Data shown section start

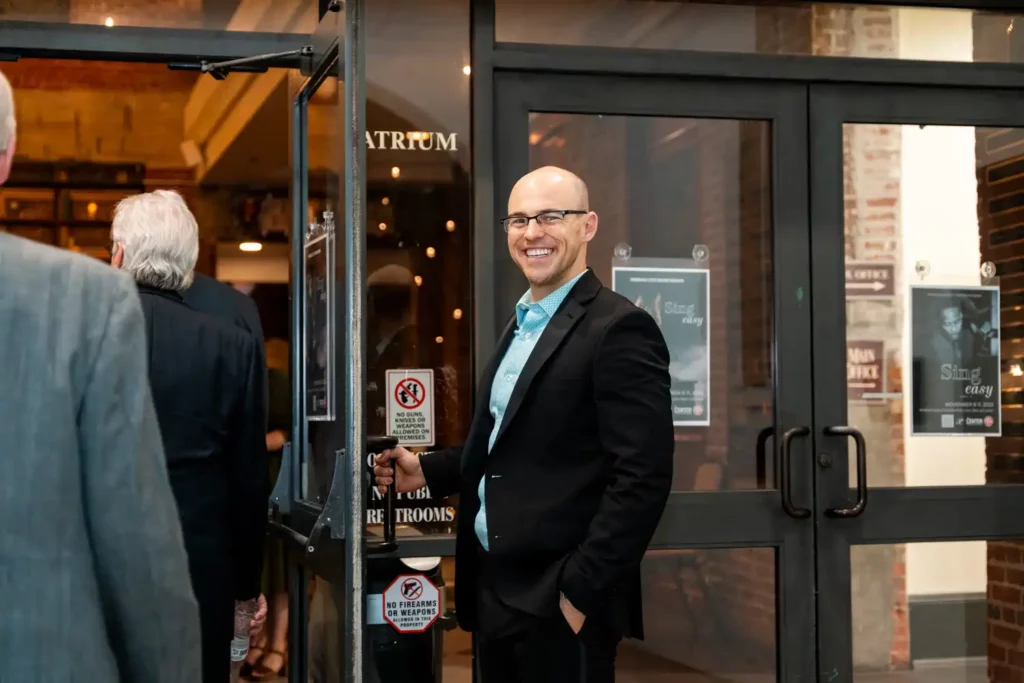 Corporate Event Photography & Videography 14 Host greeting arriving guests at the glass doors of the venue entrance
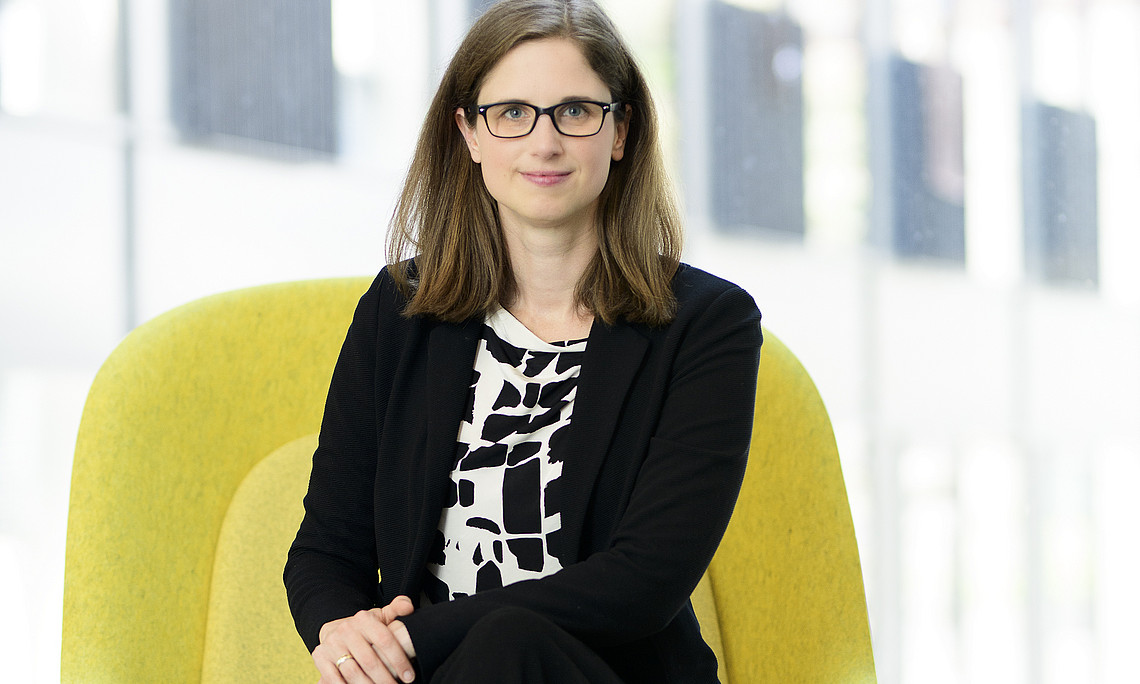Frau Dr. Praprotnik in einem gelben Sessel vor einer Fensterfront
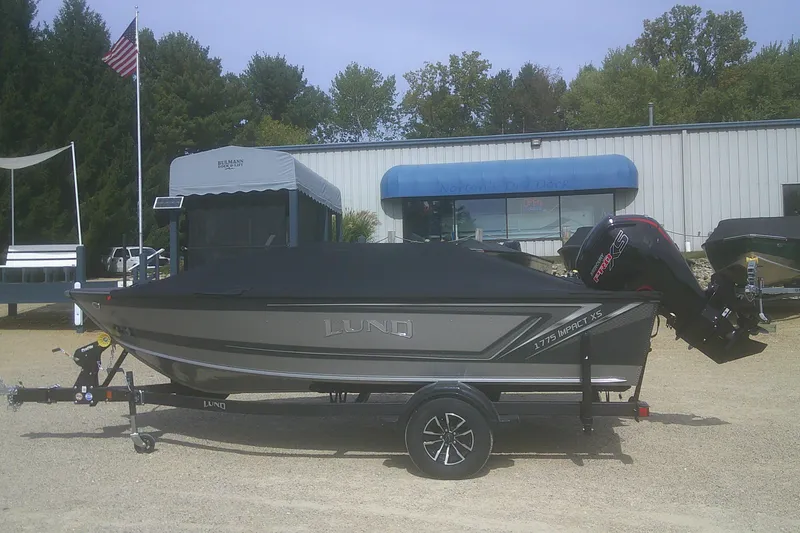 Slide: The Image of 2026 Lund 1775 Impact XS SS boat on trailer, covered, with outboard motor. - 13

Data shown section end

- To do: Drop the images and repeat the data exactly.

- Written solution:
 Corporate Event Photography & Videography 14 Host greeting arriving guests at the glass doors of the venue entrance
Frau Dr. Praprotnik in einem gelben Sessel vor einer Fensterfront
 Slide: The Image of 2026 Lund 1775 Impact XS SS boat on trailer, covered, with outboard motor. - 13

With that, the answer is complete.